Sur le papier, c’était la Dream Team. La vraie. De celle qui avait le pouvoir de secouer les puces du cinéma américain en le ramenant dans des sphères politiques et subversives, en le laissant commenter le monde sans flagornerie, complaisance ou patriotisme déplacé. Aux commandes de la fine équipe, le britannique Paul Greengrass qui a su se frotter au chaos provoqué par quelques grands événements mondiaux avec acuité et puissance (Bloody Sunday, United 93), autant qu’au divertissement de haut vol, jouissif et paranoïaque (Bourne Supremacy et Ultimatum). Au jeu, Matt Damon qui a toujours su mettre à distance son physique poupin et athlétique d’all american boy pour proposer un nouveau corps, mais surtout une nouvelle éthique au héros américain. Et au scénario, Brian Helgeland, déjà responsable des ambiances crépusculaires et poisseuses de L.A. Confidential et Mystic River, adaptant ici un livre de Rajiv Chandrasekaran, ancien chef de bureau du Washington Post à Bagdad entre avril 2003 et octobre 2004. Au coeœur du projet : l’enquête menée par un membre de l’armée américaine sur l’existence supposée d’armes de destruction massive en Irak.

Oh, qu’on imaginait déjà les étincelles! Oh, qu’on salivait d’avance à l’idée d’enfin voir réglé le compte de la fine équipe bushienne et de leurs mensonges éhontés! Oh, qu’on est déçu en découvrant le (long) feu d’artifice que Green Zone en a tiré! Feu d’artifice, oui, il n’y a pas d’autres mots devant cette débauche de musique sans imagination noyant chaque image sous une pétarade sonore et convenue. Cette avalanche d’explosions, de poursuites, de fébrilité factice entretenue à grands coups d’effets de montage-choc. Ce déluge de pistes narratives tirant sur à peu près tout ce qui bouge (les journalistes, l’administration, l’armée, les Irakiens : tous les mêmes) dans le seul et unique but d’accentuer le suspense, de surdéterminer le spectacle du thriller. Paul Greengrass invente l’Irakxploitation et ce n’est pas beau à voir.

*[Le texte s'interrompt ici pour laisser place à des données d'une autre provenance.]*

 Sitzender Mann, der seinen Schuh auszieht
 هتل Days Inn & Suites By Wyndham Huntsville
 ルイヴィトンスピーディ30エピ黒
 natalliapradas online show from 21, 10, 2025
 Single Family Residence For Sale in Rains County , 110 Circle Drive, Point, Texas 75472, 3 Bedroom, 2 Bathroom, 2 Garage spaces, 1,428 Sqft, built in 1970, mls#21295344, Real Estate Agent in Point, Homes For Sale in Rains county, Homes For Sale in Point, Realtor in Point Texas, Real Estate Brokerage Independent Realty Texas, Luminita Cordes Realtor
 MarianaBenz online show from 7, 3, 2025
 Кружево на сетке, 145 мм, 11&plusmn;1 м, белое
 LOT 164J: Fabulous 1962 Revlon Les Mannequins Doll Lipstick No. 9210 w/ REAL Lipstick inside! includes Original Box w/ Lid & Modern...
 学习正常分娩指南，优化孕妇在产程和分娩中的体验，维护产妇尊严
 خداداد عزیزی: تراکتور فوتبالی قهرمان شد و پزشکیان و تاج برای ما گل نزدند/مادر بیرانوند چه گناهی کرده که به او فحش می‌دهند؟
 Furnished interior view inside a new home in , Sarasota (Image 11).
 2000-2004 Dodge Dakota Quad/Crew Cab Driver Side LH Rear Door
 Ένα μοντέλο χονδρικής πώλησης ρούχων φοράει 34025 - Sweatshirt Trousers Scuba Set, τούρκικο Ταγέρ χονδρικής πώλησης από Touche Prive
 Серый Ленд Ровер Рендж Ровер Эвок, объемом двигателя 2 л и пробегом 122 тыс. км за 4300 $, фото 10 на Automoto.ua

La faute d’abord à ce qui faisait la marque du cinéaste, son usage épileptique et saisissant de la caméra à l’épaule créant un troublant amalgame entre le documentaire et la fiction, ici transformé en gadget de fête foraine, ne semblant exister que pour simuler un grand huit sensationnel et étourdissant d’émotions fortes (oh la belle verte dans le ciel de Bagdad). La faute ensuite, et sûrement encore davantage, à cette absence de regard politique du récit sur la situation qu’il traite, à cette narration illustrant paresseusement l’enquête du troufion en paraissant totalement insensible à son contexte géo-politique. Signe beaucoup moins anodin qu’il n’y paraît : l’aberrant résumé sur la jaquette du DVD ne mentionne jamais le mot « Irak » préférant évoquer, comme pour n’importe quel thriller anonyme, une « région instable », une « terre étrangère ». Ne rentrant jamais réellement au cœur de ce qu’il désirait aborder, le transformant en divertissement à la naïveté tantôt sidérante tantôt touchante, Green Zone se contente alors de tourner autour du pot de son véritable sujet – la propagande et l’ensemble de ses dommages collatéraux — en restant dans une zone grise particulièrement inconfortable. Peut-être était-ce trop tôt? Peut-être était-ce trop tard? Toujours est-il que Green Zone rate sa cible.